───── Source data
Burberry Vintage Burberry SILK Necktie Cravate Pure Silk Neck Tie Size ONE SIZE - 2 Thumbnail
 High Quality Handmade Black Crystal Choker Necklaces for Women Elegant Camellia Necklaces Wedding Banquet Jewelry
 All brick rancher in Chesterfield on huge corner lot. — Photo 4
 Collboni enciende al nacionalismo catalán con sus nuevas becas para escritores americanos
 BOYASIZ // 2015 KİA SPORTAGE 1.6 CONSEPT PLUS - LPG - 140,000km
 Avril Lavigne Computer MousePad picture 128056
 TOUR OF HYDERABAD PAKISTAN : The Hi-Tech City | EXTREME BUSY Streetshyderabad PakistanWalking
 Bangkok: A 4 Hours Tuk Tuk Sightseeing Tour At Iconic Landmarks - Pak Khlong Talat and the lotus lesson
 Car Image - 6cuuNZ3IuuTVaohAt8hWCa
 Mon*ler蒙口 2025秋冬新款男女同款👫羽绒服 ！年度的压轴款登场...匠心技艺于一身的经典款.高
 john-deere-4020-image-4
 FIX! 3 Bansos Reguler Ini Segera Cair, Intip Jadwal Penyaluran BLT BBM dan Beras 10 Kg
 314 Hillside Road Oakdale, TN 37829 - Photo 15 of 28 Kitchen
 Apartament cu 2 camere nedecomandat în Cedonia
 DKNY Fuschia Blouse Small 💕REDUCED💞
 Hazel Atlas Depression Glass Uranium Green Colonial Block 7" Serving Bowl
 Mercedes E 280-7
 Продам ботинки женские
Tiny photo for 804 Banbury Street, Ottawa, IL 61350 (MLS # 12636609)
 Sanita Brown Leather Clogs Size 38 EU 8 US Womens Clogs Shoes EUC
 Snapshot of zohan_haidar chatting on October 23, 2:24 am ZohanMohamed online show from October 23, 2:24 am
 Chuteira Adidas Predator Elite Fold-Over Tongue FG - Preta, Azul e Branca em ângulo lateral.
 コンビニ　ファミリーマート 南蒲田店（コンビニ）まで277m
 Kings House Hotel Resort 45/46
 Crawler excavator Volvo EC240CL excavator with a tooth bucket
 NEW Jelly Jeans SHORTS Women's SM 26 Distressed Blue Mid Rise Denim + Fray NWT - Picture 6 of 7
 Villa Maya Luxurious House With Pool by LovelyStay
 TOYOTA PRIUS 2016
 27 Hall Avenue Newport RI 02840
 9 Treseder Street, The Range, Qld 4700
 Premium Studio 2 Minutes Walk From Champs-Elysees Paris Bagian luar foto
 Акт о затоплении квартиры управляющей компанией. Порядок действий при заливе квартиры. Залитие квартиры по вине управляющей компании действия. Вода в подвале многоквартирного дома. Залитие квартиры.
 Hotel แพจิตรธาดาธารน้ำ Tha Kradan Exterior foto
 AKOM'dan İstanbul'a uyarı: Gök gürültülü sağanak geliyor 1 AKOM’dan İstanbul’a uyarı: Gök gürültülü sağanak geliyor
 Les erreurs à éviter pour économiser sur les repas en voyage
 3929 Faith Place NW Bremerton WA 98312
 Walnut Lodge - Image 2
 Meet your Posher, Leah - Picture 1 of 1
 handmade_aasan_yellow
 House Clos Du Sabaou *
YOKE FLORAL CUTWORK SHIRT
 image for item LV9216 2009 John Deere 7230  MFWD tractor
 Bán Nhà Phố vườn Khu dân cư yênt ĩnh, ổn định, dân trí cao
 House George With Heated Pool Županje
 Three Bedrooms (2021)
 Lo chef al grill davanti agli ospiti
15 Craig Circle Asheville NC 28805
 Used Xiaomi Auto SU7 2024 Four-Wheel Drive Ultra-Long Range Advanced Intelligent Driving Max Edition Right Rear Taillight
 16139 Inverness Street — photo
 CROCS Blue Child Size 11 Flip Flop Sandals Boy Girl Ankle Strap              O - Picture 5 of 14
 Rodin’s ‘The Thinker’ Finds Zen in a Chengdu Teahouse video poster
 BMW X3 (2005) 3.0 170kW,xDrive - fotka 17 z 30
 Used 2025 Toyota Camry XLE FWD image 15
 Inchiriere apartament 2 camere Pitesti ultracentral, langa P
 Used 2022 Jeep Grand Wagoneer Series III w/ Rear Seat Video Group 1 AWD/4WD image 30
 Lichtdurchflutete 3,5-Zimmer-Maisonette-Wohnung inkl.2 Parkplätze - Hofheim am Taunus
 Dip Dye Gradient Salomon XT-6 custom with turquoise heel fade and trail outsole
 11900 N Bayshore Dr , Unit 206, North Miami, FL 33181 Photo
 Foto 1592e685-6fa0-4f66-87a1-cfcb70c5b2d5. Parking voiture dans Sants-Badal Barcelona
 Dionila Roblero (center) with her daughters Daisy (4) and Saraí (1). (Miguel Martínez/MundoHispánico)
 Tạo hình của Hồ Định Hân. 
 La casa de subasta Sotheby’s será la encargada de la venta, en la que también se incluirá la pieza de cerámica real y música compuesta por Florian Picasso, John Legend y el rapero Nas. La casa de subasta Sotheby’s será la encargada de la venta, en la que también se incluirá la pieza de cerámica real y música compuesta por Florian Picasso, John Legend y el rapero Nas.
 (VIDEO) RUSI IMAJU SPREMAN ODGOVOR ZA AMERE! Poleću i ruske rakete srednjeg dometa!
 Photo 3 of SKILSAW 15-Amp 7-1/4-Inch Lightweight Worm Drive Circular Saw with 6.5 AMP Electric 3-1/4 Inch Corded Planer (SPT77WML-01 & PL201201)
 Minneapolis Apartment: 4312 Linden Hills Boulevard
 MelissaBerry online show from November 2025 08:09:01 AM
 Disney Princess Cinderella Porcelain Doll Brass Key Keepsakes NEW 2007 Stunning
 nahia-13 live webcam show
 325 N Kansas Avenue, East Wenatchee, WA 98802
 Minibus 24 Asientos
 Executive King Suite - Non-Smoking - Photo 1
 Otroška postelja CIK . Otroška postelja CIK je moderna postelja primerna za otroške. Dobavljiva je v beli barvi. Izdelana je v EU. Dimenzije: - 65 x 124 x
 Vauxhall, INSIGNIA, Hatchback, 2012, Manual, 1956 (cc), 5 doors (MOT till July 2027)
──────────
**The task:**
Give every entry back unchanged. Leave none out.

**Response to this exercise:**
Burberry Vintage Burberry SILK Necktie Cravate Pure Silk Neck Tie Size ONE SIZE - 2 Thumbnail
 High Quality Handmade Black Crystal Choker Necklaces for Women Elegant Camellia Necklaces Wedding Banquet Jewelry
 All brick rancher in Chesterfield on huge corner lot. — Photo 4
 Collboni enciende al nacionalismo catalán con sus nuevas becas para escritores americanos
 BOYASIZ // 2015 KİA SPORTAGE 1.6 CONSEPT PLUS - LPG - 140,000km
 Avril Lavigne Computer MousePad picture 128056
 TOUR OF HYDERABAD PAKISTAN : The Hi-Tech City | EXTREME BUSY Streetshyderabad PakistanWalking
 Bangkok: A 4 Hours Tuk Tuk Sightseeing Tour At Iconic Landmarks - Pak Khlong Talat and the lotus lesson
 Car Image - 6cuuNZ3IuuTVaohAt8hWCa
 Mon*ler蒙口 2025秋冬新款男女同款👫羽绒服 ！年度的压轴款登场...匠心技艺于一身的经典款.高
 john-deere-4020-image-4
 FIX! 3 Bansos Reguler Ini Segera Cair, Intip Jadwal Penyaluran BLT BBM dan Beras 10 Kg
 314 Hillside Road Oakdale, TN 37829 - Photo 15 of 28 Kitchen
 Apartament cu 2 camere nedecomandat în Cedonia
 DKNY Fuschia Blouse Small 💕REDUCED💞
 Hazel Atlas Depression Glass Uranium Green Colonial Block 7" Serving Bowl
 Mercedes E 280-7
 Продам ботинки женские
Tiny photo for 804 Banbury Street, Ottawa, IL 61350 (MLS # 12636609)
 Sanita Brown Leather Clogs Size 38 EU 8 US Womens Clogs Shoes EUC
 Snapshot of zohan_haidar chatting on October 23, 2:24 am ZohanMohamed online show from October 23, 2:24 am
 Chuteira Adidas Predator Elite Fold-Over Tongue FG - Preta, Azul e Branca em ângulo lateral.
 コンビニ　ファミリーマート 南蒲田店（コンビニ）まで277m
 Kings House Hotel Resort 45/46
 Crawler excavator Volvo EC240CL excavator with a tooth bucket
 NEW Jelly Jeans SHORTS Women's SM 26 Distressed Blue Mid Rise Denim + Fray NWT - Picture 6 of 7
 Villa Maya Luxurious House With Pool by LovelyStay
 TOYOTA PRIUS 2016
 27 Hall Avenue Newport RI 02840
 9 Treseder Street, The Range, Qld 4700
 Premium Studio 2 Minutes Walk From Champs-Elysees Paris Bagian luar foto
 Акт о затоплении квартиры управляющей компанией. Порядок действий при заливе квартиры. Залитие квартиры по вине управляющей компании действия. Вода в подвале многоквартирного дома. Залитие квартиры.
 Hotel แพจิตรธาดาธารน้ำ Tha Kradan Exterior foto
 AKOM'dan İstanbul'a uyarı: Gök gürültülü sağanak geliyor 1 AKOM’dan İstanbul’a uyarı: Gök gürültülü sağanak geliyor
 Les erreurs à éviter pour économiser sur les repas en voyage
 3929 Faith Place NW Bremerton WA 98312
 Walnut Lodge - Image 2
 Meet your Posher, Leah - Picture 1 of 1
 handmade_aasan_yellow
 House Clos Du Sabaou *
YOKE FLORAL CUTWORK SHIRT
 image for item LV9216 2009 John Deere 7230  MFWD tractor
 Bán Nhà Phố vườn Khu dân cư yênt ĩnh, ổn định, dân trí cao
 House George With Heated Pool Županje
 Three Bedrooms (2021)
 Lo chef al grill davanti agli ospiti
15 Craig Circle Asheville NC 28805
 Used Xiaomi Auto SU7 2024 Four-Wheel Drive Ultra-Long Range Advanced Intelligent Driving Max Edition Right Rear Taillight
 16139 Inverness Street — photo
 CROCS Blue Child Size 11 Flip Flop Sandals Boy Girl Ankle Strap              O - Picture 5 of 14
 Rodin’s ‘The Thinker’ Finds Zen in a Chengdu Teahouse video poster
 BMW X3 (2005) 3.0 170kW,xDrive - fotka 17 z 30
 Used 2025 Toyota Camry XLE FWD image 15
 Inchiriere apartament 2 camere Pitesti ultracentral, langa P
 Used 2022 Jeep Grand Wagoneer Series III w/ Rear Seat Video Group 1 AWD/4WD image 30
 Lichtdurchflutete 3,5-Zimmer-Maisonette-Wohnung inkl.2 Parkplätze - Hofheim am Taunus
 Dip Dye Gradient Salomon XT-6 custom with turquoise heel fade and trail outsole
 11900 N Bayshore Dr , Unit 206, North Miami, FL 33181 Photo
 Foto 1592e685-6fa0-4f66-87a1-cfcb70c5b2d5. Parking voiture dans Sants-Badal Barcelona
 Dionila Roblero (center) with her daughters Daisy (4) and Saraí (1). (Miguel Martínez/MundoHispánico)
 Tạo hình của Hồ Định Hân. 
 La casa de subasta Sotheby’s será la encargada de la venta, en la que también se incluirá la pieza de cerámica real y música compuesta por Florian Picasso, John Legend y el rapero Nas. La casa de subasta Sotheby’s será la encargada de la venta, en la que también se incluirá la pieza de cerámica real y música compuesta por Florian Picasso, John Legend y el rapero Nas.
 (VIDEO) RUSI IMAJU SPREMAN ODGOVOR ZA AMERE! Poleću i ruske rakete srednjeg dometa!
 Photo 3 of SKILSAW 15-Amp 7-1/4-Inch Lightweight Worm Drive Circular Saw with 6.5 AMP Electric 3-1/4 Inch Corded Planer (SPT77WML-01 & PL201201)
 Minneapolis Apartment: 4312 Linden Hills Boulevard
 MelissaBerry online show from November 2025 08:09:01 AM
 Disney Princess Cinderella Porcelain Doll Brass Key Keepsakes NEW 2007 Stunning
 nahia-13 live webcam show
 325 N Kansas Avenue, East Wenatchee, WA 98802
 Minibus 24 Asientos
 Executive King Suite - Non-Smoking - Photo 1
 Otroška postelja CIK . Otroška postelja CIK je moderna postelja primerna za otroške. Dobavljiva je v beli barvi. Izdelana je v EU. Dimenzije: - 65 x 124 x
 Vauxhall, INSIGNIA, Hatchback, 2012, Manual, 1956 (cc), 5 doors (MOT till July 2027)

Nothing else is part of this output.